In the midst of the mayhem on Capitol Hill, the Department of Housing and Urban Development today launched the new and expanded “Hope for Homeowners” program.

Given all the mortgage rescue names being bandied about (“Hope Now”, “FHA Secure”, etc.) I’ll just take a moment to remind you about the crux of the Housing and Economic Rescue plan that was signed into law on July 31st. It expands the FHA loan program to back $300 billion worth of loans if the loans are modified and the lenders/owners of the loans agree to write down the principal balance to 90 percent of the newly appraised value of the property. Maximum mortgage amount is $550,440.

I guess that’s good news, if it were not for the fact that mortgage rates have shot up in the last week, thanks to widening credit spreads. Right now the spread is approaching levels of earlier this summer, before the Fannie/Freddie takeover. These are rates not seen since 1986.

So I guess it’s not surprising, given what’s going on (or not going on) on the Hill, that mortgage applications fell off a cliff again last week, for the second week in a row.
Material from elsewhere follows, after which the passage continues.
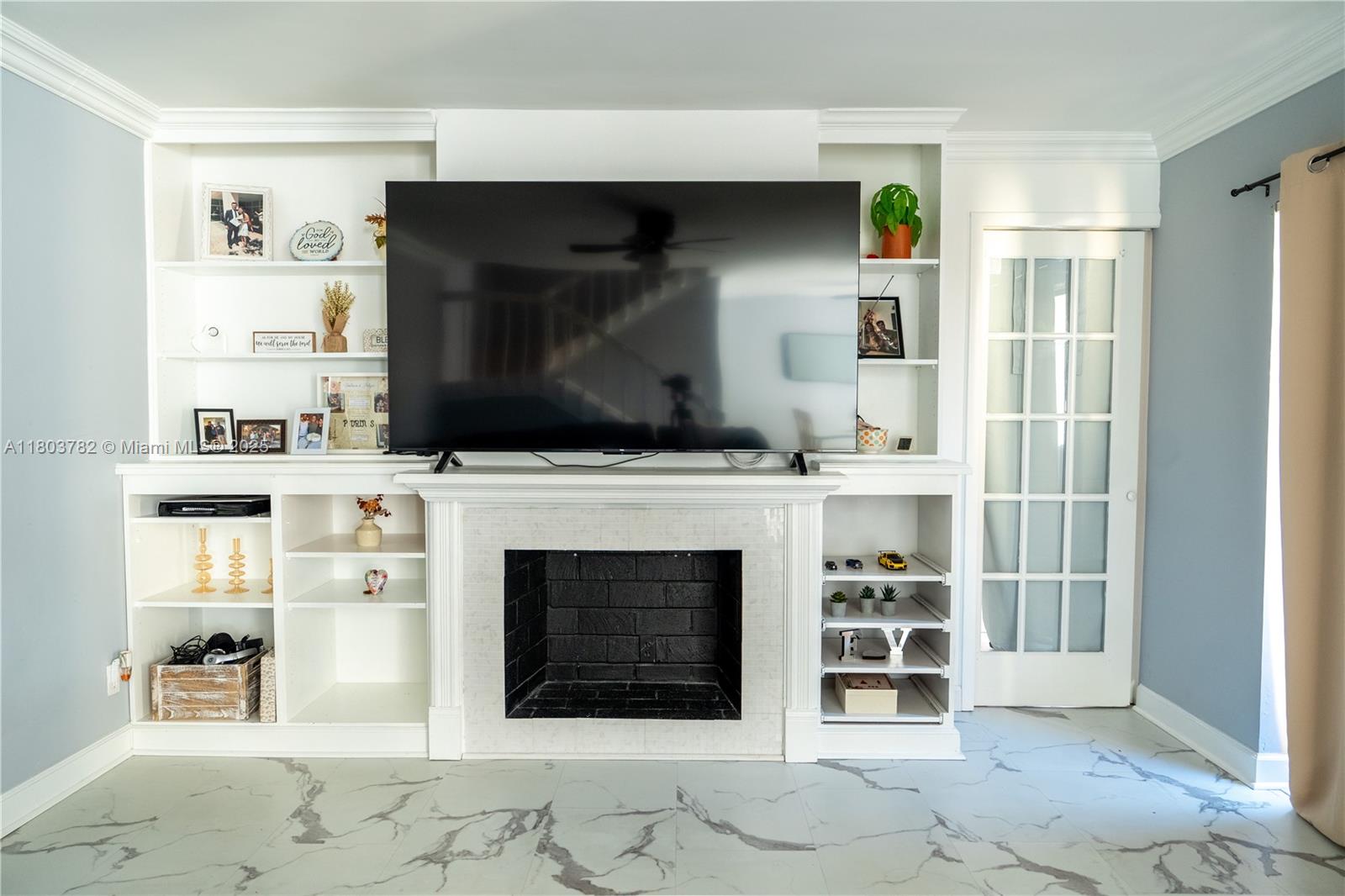 Homes for sale in Palm Springs, FL | 821 Springdale Cir, Palm Springs, FL 33461 | MLS# A11803782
The Mortgage Bankers Association reports a 23 percent drop in overall volume from the previous week, a 35 percent drop in refis and an 11 percent drop in the purchase index.

Let’s face it, nobody really wants to buy a house right now, especially when we’re all losing trillions in the stock market while buying big-ticket items like, well, oh, an insurance behemoth (AIG) and hundreds of thousands of mortgages (Fannie/Freddie).